There’s a lot things that needed to be addressed in this image. For one, it was taken on a dock, that was floating w/ the waves of the lake as boats drove by, so forget tack sharpness. Secondly, it was directly into the sun, and this was taken in 2012, before I knew to drop the exposure bracketing down to -3 or -4 for direct sun shots. The mountain range on the right needed some drastic shadow and exposure increases to be brought back into shape. There was also a nasty lens flare that had to be dealt with. The result was an image that is quite gorgeous, but lacks the clarity and sharpness that I could achieve today.
That’s because you are always learning things! One of the most fun processes I go through is looking back at old pictures and remembering how proud I was when i posted or shared them 4 years ago, and how I would hit delete immediately if that was my final product today! Whenever you feel like your talents or abilities are plateauing just remember to look back at where you came from –
Don’t focus on how far you have to go, focus on how far you have come!
Above you can see the result of my efforts in Photomatix Pro 5 – which combines multiple exposures into a single image. This took a -2, 0, and +2 image and combined them into this. I love the sky in this image – it really came to life. The sky was awesome the whole weekend we were there really; an HDR Pro tip – clouds look fantastic when you process them!
The settings I have set up in Photoshop allow me to directly open any .TIFF files into the Camera Raw application. I save all my Photomatix files as 16 Bit .Tiff files and when I’m ready to begin working on them I click them and open directly to Camera Raw. This is always my jumping off point. Think of Photomatix as the grocery store, here you get the ingredients you need. Camera Raw is the baking dish – all the ingredients come together and theoretically you can eat it I suppose, but you should probably bake it – in the Photoshop oven.

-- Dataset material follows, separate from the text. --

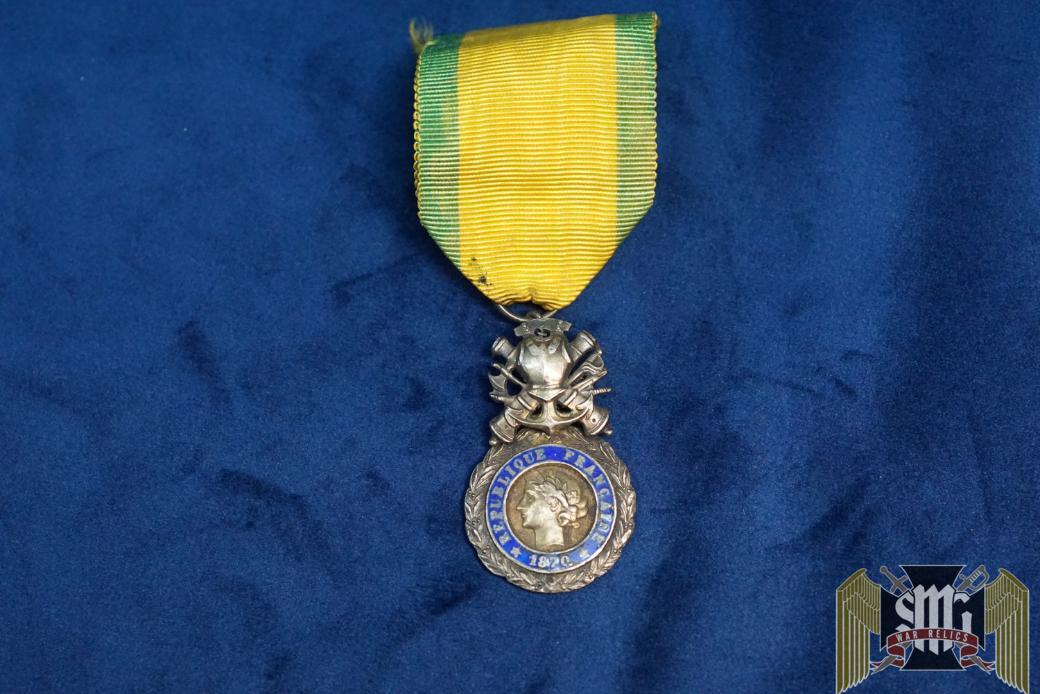 WW1 French Military Merit Medal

In Camera Raw, i made some color adjustments (see the blue in the sky, green of the trees, and yellow color cast removed from the water on the right) and some light level adjustments (shadows of the tree line and clouds).
Its really hard to tell that there has been any noise reduction or sharpening when the images are this small, but believe me there was. Also, did some clone stamp work.. notice anything missing in this image?

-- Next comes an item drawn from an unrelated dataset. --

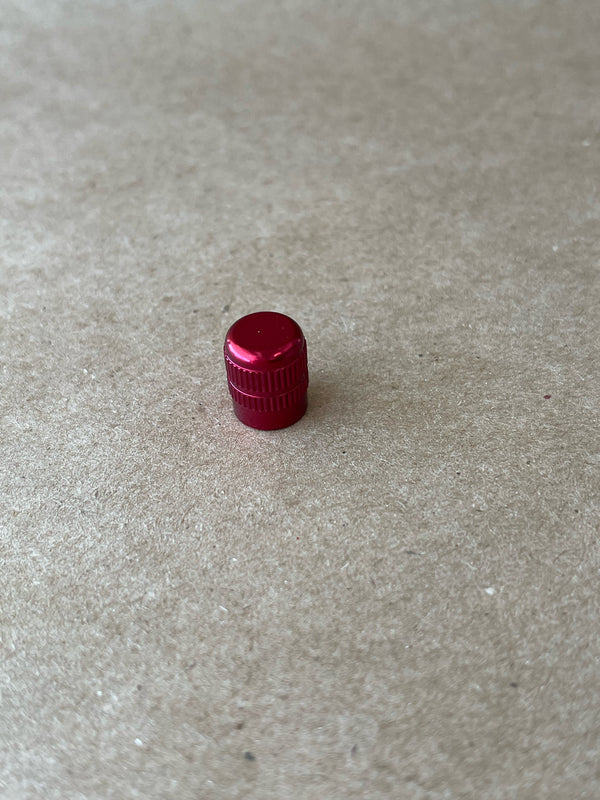 Red TwinAir Bottom Valve Cap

Next I made some selective curves adjustments to the highlights and shadows using Select>color range>Highlights/shadows/mid-tones and adjusting the figures to select certain parts of the image. This is so much better than a general overall curves adjustment and allows you to selectively play with it rather than affecting the entire picture!

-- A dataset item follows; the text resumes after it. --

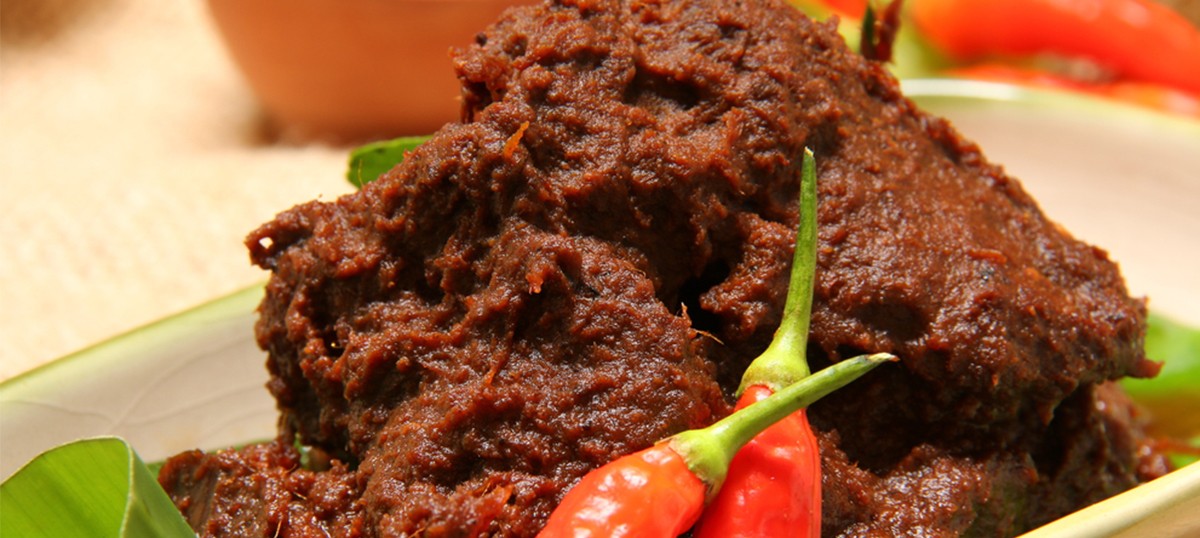 Once Again! Indonesia's RENDANG and NASI GORENG Crowned ...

The next step was to run the Nik Color EFX 4 program to bring back some of the sunset glow that was missing. It helped pop the sunset yellow throughout the image while maintaining those blues and aquas of the sky.
The second to last step was an overall image sharpening to help bring back some of that sharpness that was lost due to the rocking of the dock I was standing on. In the end I’m kind of disappointed with the overall blur that exists on the tree line, but there isn’t anything I know to do – give me 4 more years!!